**THE RECORDS**.
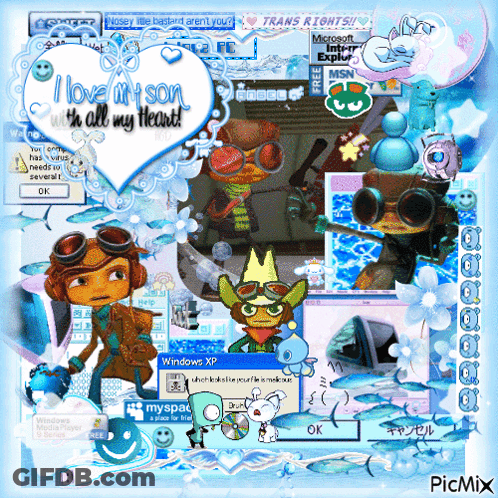 A Collage Of Pictures With The Words I Love My Son With All My Heart GIF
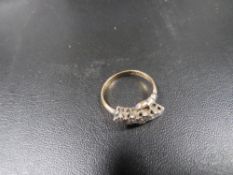 An 18ct & platt illusion set five stone diamond ring approx weight 3.9g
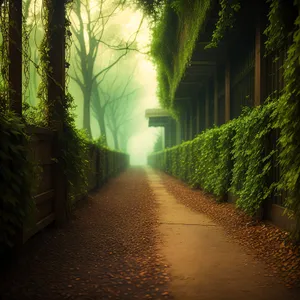 Serene Path Through Autumn Forest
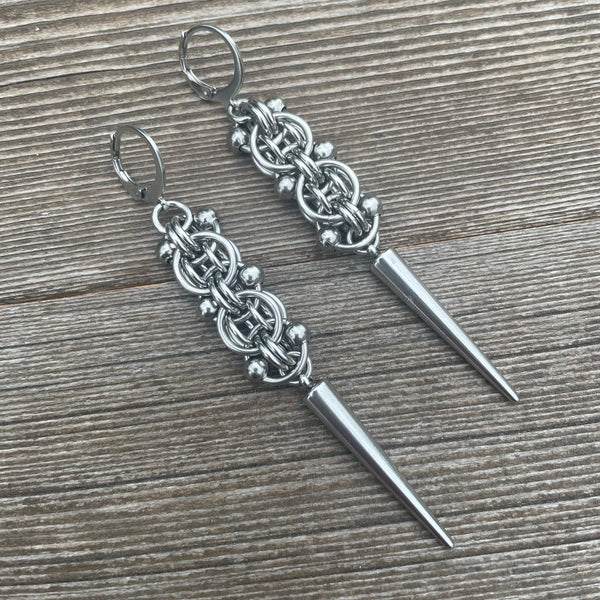 Beaded Helm Chainmaille Earrings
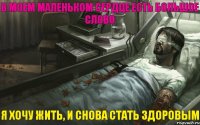 В моем маленьком сердце есть большое слово Я хочу жить, и снова стать здоровым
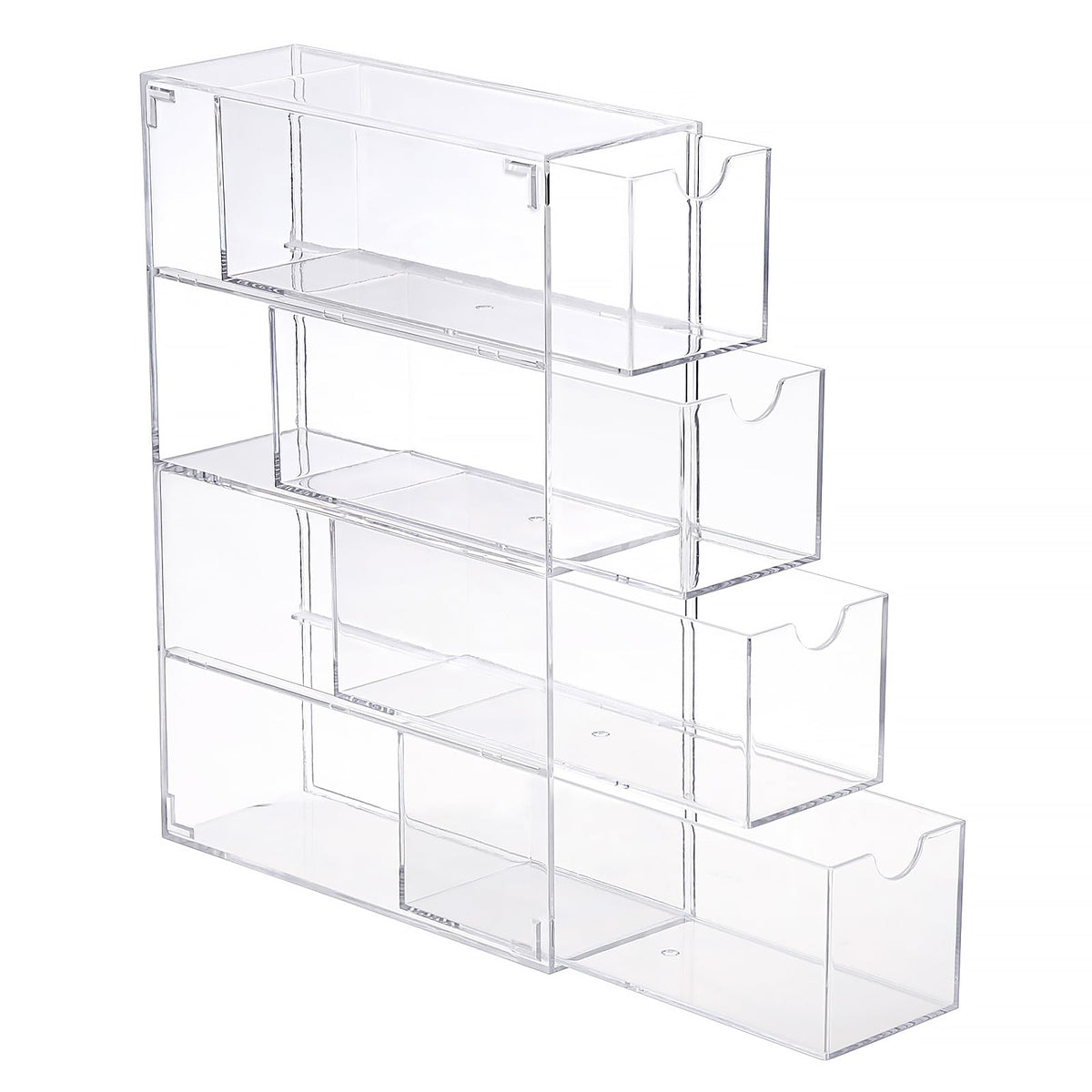 Hipiwe Acrylic Drawer Organizer Sunglasses Case with 4 Pull Out Drawers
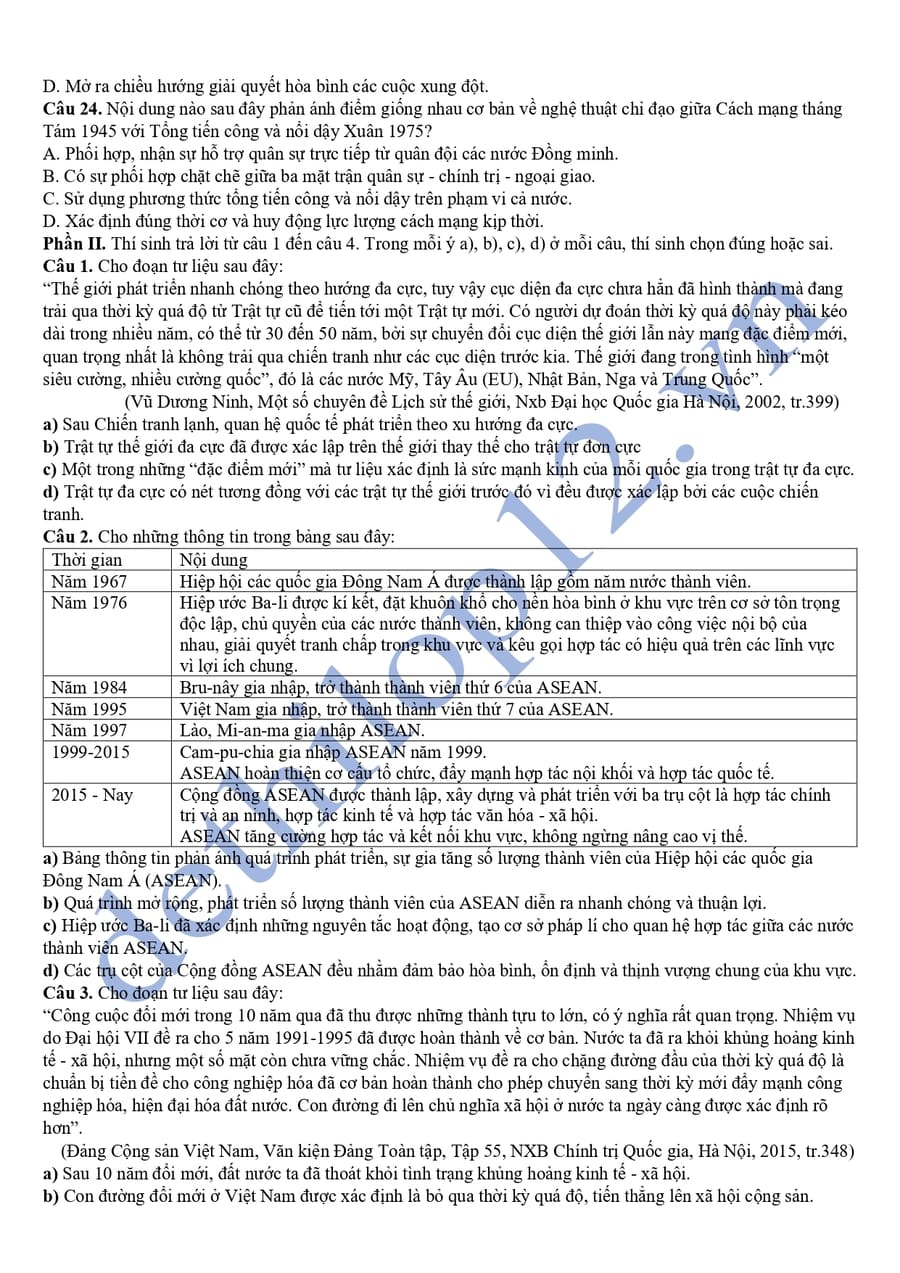 Đề thi thử lịch sử thpt quốc gia 2025 Hà Nội 3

**PROBLEM TO WORK ON**. Word for word, output the lines from the beginning of the listing through the line holding "Beaded Helm Chainmaille Earrings" and nothing beyond them. Omit the pictures.

**TASK SOLUTION**.
 A Collage Of Pictures With The Words I Love My Son With All My Heart GIF
 An 18ct & platt illusion set five stone diamond ring approx weight 3.9g
 Serene Path Through Autumn Forest
 Beaded Helm Chainmaille Earrings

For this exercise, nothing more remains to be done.